По сути, 11 июля можно назвать днем, когда между Саур-Могилой и Изварино сформировался, собственно, Южный котел, также называемый Изваринским. В кольце оказались основные силы трех бригад украинской армии: 72-й, 79-й и 24-й, а также другие части и подразделения. Их дальнейшая судьба стала примером человеческих страданий и изумительного равнодушия украинского государства к судьбе своих солдат.

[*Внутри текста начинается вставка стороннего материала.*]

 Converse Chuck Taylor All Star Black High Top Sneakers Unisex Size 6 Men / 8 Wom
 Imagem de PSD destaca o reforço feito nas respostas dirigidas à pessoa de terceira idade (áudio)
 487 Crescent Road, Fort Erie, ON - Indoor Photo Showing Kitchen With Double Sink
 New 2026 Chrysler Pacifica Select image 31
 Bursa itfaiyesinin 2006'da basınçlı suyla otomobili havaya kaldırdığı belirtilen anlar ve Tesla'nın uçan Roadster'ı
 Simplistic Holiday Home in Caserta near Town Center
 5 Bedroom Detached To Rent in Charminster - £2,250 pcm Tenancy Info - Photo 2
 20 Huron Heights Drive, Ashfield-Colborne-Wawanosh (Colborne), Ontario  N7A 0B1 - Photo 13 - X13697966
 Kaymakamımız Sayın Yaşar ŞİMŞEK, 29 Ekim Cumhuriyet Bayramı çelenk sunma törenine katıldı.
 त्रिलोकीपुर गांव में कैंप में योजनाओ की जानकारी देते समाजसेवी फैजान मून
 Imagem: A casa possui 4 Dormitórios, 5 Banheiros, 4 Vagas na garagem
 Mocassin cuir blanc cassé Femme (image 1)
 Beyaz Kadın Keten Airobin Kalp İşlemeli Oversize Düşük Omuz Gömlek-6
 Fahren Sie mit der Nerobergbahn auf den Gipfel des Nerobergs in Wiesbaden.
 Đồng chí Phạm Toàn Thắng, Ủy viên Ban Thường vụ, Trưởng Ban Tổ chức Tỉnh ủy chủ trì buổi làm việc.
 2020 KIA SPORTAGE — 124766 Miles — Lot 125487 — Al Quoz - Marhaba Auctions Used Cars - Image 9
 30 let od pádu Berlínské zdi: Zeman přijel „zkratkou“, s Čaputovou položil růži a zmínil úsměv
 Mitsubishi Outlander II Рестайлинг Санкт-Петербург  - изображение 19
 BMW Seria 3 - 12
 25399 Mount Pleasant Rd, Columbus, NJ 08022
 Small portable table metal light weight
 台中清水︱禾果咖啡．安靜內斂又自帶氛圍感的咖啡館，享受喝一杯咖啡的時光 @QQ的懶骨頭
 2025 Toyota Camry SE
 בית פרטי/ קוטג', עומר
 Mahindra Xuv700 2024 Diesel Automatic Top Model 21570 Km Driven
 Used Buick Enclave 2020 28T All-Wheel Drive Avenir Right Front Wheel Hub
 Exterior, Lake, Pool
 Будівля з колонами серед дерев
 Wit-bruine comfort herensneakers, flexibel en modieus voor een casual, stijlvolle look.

Части, оказавшиеся в окружении, почувствовали перебои со снабжением не сразу. Армейские бригады имели пока достаточное количество боеприпасов, контролировали не огромную, но значительную территорию, короче говоря, при условии быстрых и энергичных правильных действий они могли если не удержать позиции, то хотя бы без фатальных потерь отойти на исходные позиции. Однако никаких серьезных попыток вылезти из медленно закрывающегося гроба предпринято не было.
Между тем под артиллерийским обстрелом происходило мало веселого. Один из солдат 72-й бригады, воевавшей южнее Свердловска, сообщал украинским СМИ:
«Нас осталось человек 400 из почти 800. С 2:00 нас накрывают „Градами“. Около 14:00 был минометный обстрел, а нам даже нечем ответить… Несем потери. Есть убитые и раненые. Сегодня и вчера. Подкрепления нет, еды нет, воды привезли 400 литров на 400 человек, это по литру в день на человека. А медиа пишут, что мы атакуем Свердловск. Какое?! Мы отступаем уже четвертый день. Команды выводить нас — нет, нас убьют как пушечное мясо. Мы даже не знаем, против кого мы воюем, мы их не видим, они нас бьют сугубо артиллерией. Притом с территории „нуля“ (между границей РФ и Украины). Это та территория. Два несчастных километра нейтральной зоны. У нас взорвано очень много машин, горят бензовозы, боекомплекты. Команды отходить нет, следим. Командир бригады сказал стоять. От полной роты осталось 35 человек, единица техники, а должно быть десять единиц техники и 90 человек. Можете представить потери. Хочу сказать, чтобы наше руководство АТО начало хоть немного действовать, чтоб они отвели отсюда войска. Я понимаю, что это будет место для укрепления боевиков. Чтоб они отвели войска и стали одной живой цепью, чтобы не забрасывали группы. Мы не отказываемся воевать, но не хотим быть пушечным мясом. Мы хотим идти сплошным цельным фронтом. Пусть хоть один приедет сюда и посидит хоть день».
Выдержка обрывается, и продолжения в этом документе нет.